Abaküs Yazılım
Hukuk Genel Kurulu
Esas No: 2013/1915
Karar No: 2015/1170
Karar Tarihi: 08.04.2015

Yargıtay Hukuk Genel Kurulu 2013/1915 Esas 2015/1170 Karar Sayılı İlamı

Hukuk Genel Kurulu         2013/1915 E.  ,  2015/1170 K.

    "İçtihat Metni"

    MAHKEMESİ : Ankara 10. İcra Hukuk Mahkemesi
    TARİHİ : 22/04/2013
    NUMARASI : 2013/289-2013/359

    Taraflar arasındaki “icra memur işlemini şikayetten ” dolayı yapılan yargılama sonunda; Ankara 10. İcra Hukuk Mahkemesince şikayetin reddine dair verilen 21.12.2011 gün ve 2011/989 E., 2011/1081 K. sayılı kararın incelenmesi şikayetçi borçlu vekili tarafından istenilmesi üzerine, Yargıtay 12. Hukuk Dairesinin 25.06.2012 gün ve 2012/5928 E., 2012/22232 K. sayılı ilamı ile;
    (...Alacaklılar tarafından borçlu M.. H.. hakkında Ankara 16. Asliye Hukuk Mahkemesi’nin 24.03.2010 tarih ve 2009/74 E - 2010/104 K. sayılı ilamına istinaden takibe başlandığı, takibe dayanak ilamda iki adet davalı olduğu ve davalıların müteselsilen sorumlu oldukları yönünde bir açıklamaya yer verilmediği, bu durumda davalıların ilamda belirtilen vekalet ücreti ve yargılama giderinden eşit oranda sorumlu oldukları anlaşılmaktadır.
    Hukuk Genel Kurulu"nun 08.10.1997 tarih ve 1997/12-517 E. 1997/776 K. sayılı ilamında da vurgulandığı üzere; “ilamların infaz edilecek kısmı hüküm bölümüdür.” Diğer bir anlatımla hükmün içeriğinin aynen infazı zorunlu olup, sınırlı yetkili icra mahkemesince ilamın infaz edilecek kısmı yorum yoluyla belirlenemez.
    O halde; mahkemece, şikayetin kabulü gerekirken yorum yoluyla icra takibinde talep edilen yargılama gideri ve vekâlet ücretinden yalnızca M.. H..’nin sorumlu olduğu gerekçesiyle istemin reddine karar verilmesi isabetsizdir.
    Öte yandan HMK’nun 297. maddesinin (1). fıkrası gereği hükümde “Türk Milleti Adına” ibaresinin yazılması zorunlu olup, kanunun bu emredici hükmüne aykırı davranılması da doğru bulunmamıştır...)
    gerekçesiyle bozularak dosya yerine geri çevrilmekle, yeniden yapılan yargılama sonunda, mahkemece önceki kararda direnilmiştir.

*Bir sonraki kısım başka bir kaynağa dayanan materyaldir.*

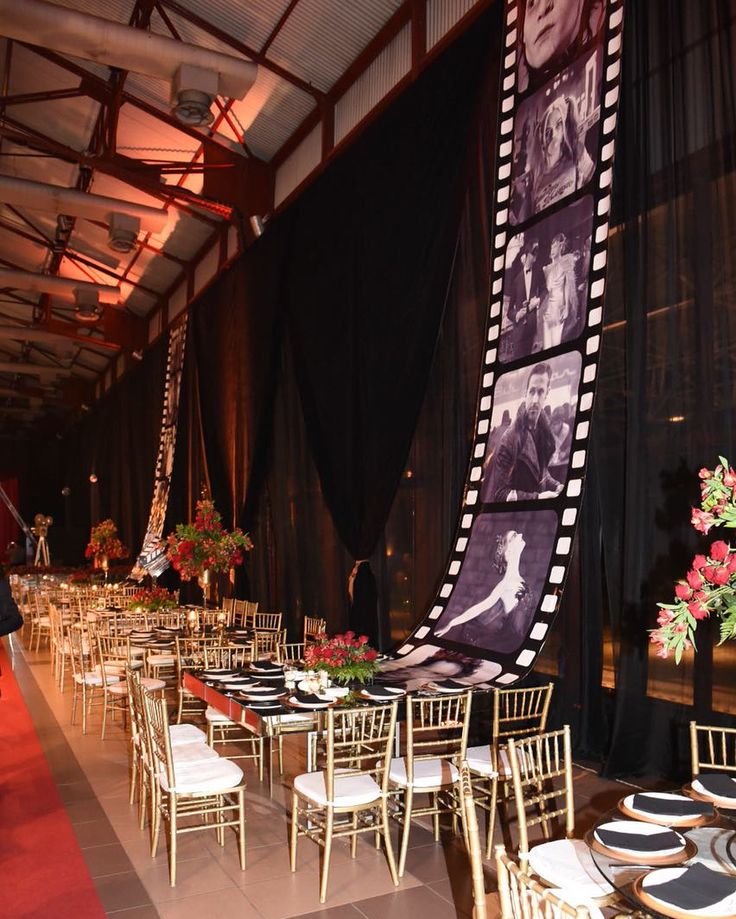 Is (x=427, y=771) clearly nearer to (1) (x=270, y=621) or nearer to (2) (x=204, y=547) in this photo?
(2) (x=204, y=547)

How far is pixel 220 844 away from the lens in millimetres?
4125

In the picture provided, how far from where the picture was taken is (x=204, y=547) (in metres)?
8.56

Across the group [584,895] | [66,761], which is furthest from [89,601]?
[584,895]

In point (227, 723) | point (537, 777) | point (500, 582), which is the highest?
point (500, 582)

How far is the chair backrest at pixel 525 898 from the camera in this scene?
164cm

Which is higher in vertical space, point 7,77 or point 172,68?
point 7,77

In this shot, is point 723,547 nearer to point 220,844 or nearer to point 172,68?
point 220,844

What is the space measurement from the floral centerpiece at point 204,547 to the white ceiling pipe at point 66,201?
14.5 ft

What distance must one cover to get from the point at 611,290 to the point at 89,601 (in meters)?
8.65

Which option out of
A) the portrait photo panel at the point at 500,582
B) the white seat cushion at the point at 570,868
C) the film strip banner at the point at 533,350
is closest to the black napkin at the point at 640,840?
the white seat cushion at the point at 570,868

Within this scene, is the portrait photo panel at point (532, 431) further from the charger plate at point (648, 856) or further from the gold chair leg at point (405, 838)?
the charger plate at point (648, 856)

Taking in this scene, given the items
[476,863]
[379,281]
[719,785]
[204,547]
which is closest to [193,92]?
[379,281]

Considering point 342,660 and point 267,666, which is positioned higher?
point 342,660

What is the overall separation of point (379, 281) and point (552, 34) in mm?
2606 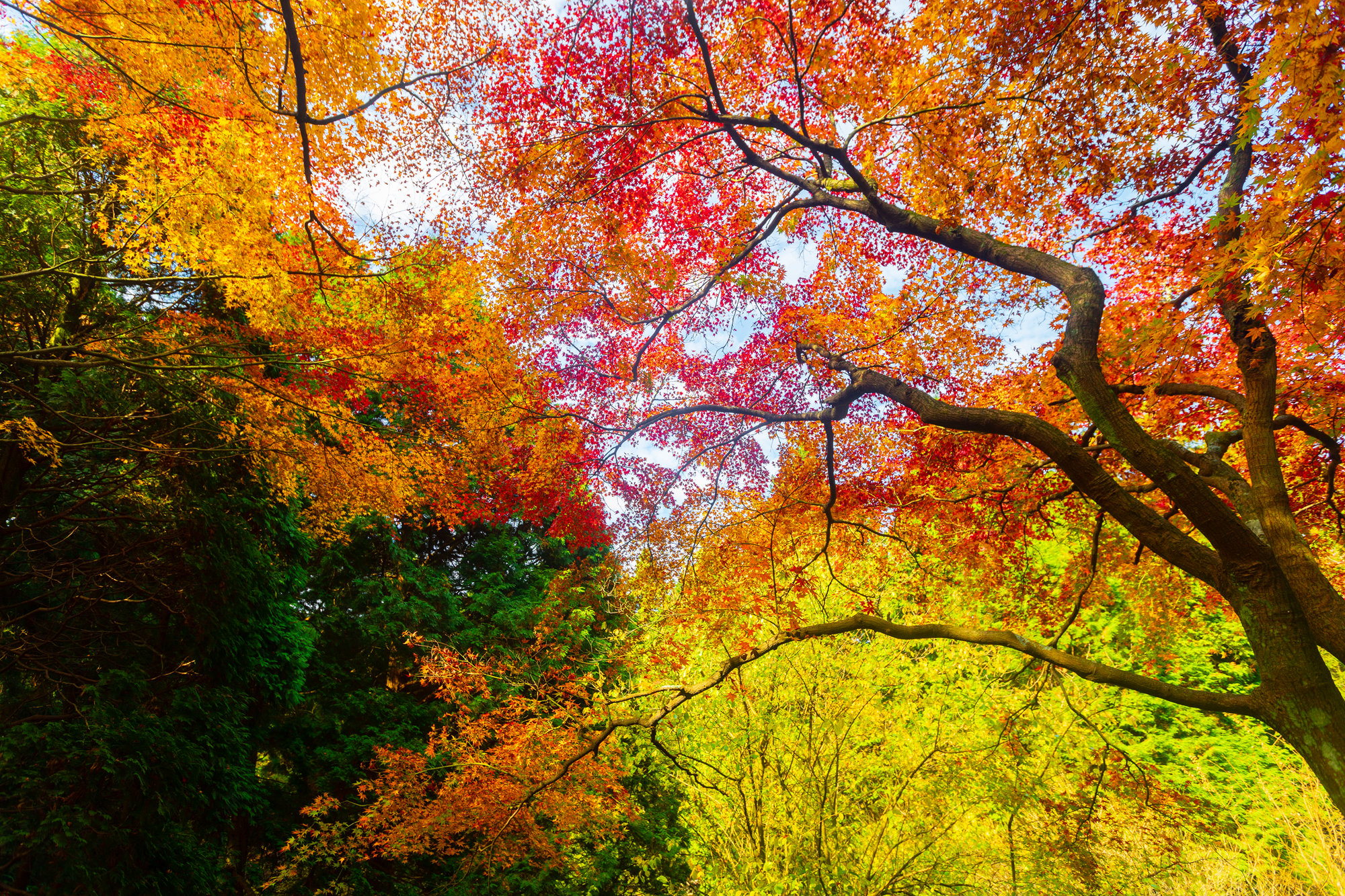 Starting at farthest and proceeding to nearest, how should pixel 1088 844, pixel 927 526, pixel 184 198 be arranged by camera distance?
1. pixel 927 526
2. pixel 1088 844
3. pixel 184 198

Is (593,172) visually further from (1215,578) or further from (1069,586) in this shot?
(1069,586)

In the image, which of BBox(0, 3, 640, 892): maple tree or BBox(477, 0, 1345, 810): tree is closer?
BBox(477, 0, 1345, 810): tree

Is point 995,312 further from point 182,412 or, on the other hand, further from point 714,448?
point 182,412

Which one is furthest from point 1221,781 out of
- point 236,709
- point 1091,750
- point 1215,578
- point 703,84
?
point 236,709

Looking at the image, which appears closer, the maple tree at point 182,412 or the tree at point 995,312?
the tree at point 995,312

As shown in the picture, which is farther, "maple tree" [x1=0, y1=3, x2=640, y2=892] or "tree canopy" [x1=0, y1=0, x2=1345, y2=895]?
"maple tree" [x1=0, y1=3, x2=640, y2=892]

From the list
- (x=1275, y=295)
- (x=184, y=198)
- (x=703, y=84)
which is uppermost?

    TEMYİZ EDEN : Şikayetçi borçlu vekili

    HUKUK GENEL KURULU KARARI

    Hukuk Genel Kurulunca incelenerek direnme kararının süresinde temyiz edildiği anlaşıldıktan ve dosyadaki kağıtlar okunduktan sonra gereği görüşüldü:
    İstek, icra memuru işleminin şikayet yolu ile iptali istemine ilişkindir.
    Şikayetçi borçlu vekili, davalı alacaklılar tarafından müvekkili M.. H.. hakkında Ankara 16. Asliye Hukuk Mahkemesinin 24.03.2010 tarih ve 2009/74 E., 2010/104 K. sayılı ilamına istinaden ilamlı icra takibine başlandığını, takibe dayanak ilamda iki adet davalı olduğunu, bu nedenle davalı Hazinenin hükmedilen yargılama gideri ve vekalet ücretinin yarısından sorumlu olmasına karşın, tamamının müvekkilinden talep edildiğini belirterek, icra emrindeki fazla talebin iptaline karar verilmesini istemiştir.
    Yerel Mahkemece, takibe konu ilamda Hazine adına olan tapunun kısmen iptali ile davalılar adına tesciline karar verildiği, söz konusu ilamda davalıların muhatabının davacı Hazine olduğu, mahkemece Hazinenin harçtan muaf olduğunun belirtildiği, ayrıca hükmün fer’ilerinin de davacı Hazine hedef gösterilerek kurulduğu, bu itibarla mahkemenin hükümde kastettiğinin şikayetçi borçlu Hazine olduğu, gayrimenkulün Ballıkuyumcu Köyü’nde olduğunun anlaşıldığı, tapudaki iptal ve tescilin Hazine ile davacılar arasında söz konusu olduğu, icra mahkemelerinin ilamları yorumlayamasalar da hükümden bu durumun açıkça anlaşıldığı belirtilerek, davalıların hükme uygun takipte bulundukları gerekçesiyle şikayetin reddine karar verilmiştir. Hüküm şikayetçi borçlu Hazine vekilince temyizi üzerine; Özel Dairece, yukarıda yazılı gerekçeyle bozulmuş, yerel mahkemece, önceki gerekçe tekrarlanarak direnme kararı verilmiştir.
    Direnme kararını şikayetçi borçlu Hazine vekili temyiz etmektedir.
    Hukuk Genel Kurulu önüne gelen uyuşmazlık, takip dayanağı ilama göre davalı Hazinenin hükmedilen yargılama gideri ve vekalet ücretinin tamamından mı yoksa ilamda davalı gösterilen köy tüzel kişiliği ile birlikte mi sorumlu oldukları, varılacak sonuca göre ilamın infazının usulüne uygun talep edilip edilmediği noktasında toplanmaktadır.
    Hemen belirtilmelidir ki, ilamların infazı sırasında icra müdürlüklerince ilamın hüküm kısmı dikkate alınarak kararların infazının yapılması gereklidir. İcra dairesi, ilamların hüküm bölümünü aynen infazla görevlidir. Sınırlı yetkili icra mahkemesinin hükümde yer almayan bir hususu yorum yoluyla ilama eklemesi ya da var olan bir hususu çıkarması olanağı yoktur. Bu bakımdan takibe konu ilamın hüküm kısmı ilamlı icranın şeklini de belirler (Yargıtay Hukuk Genel Kurulunun 28.12.2005 gün ve E:2005/12-730, K:769; 25.06.2008 gün ve E:2008/12-451, K:453; 17.06.2009 gün ve E:2009/12-239, K:2009/268 sayılı ilamları).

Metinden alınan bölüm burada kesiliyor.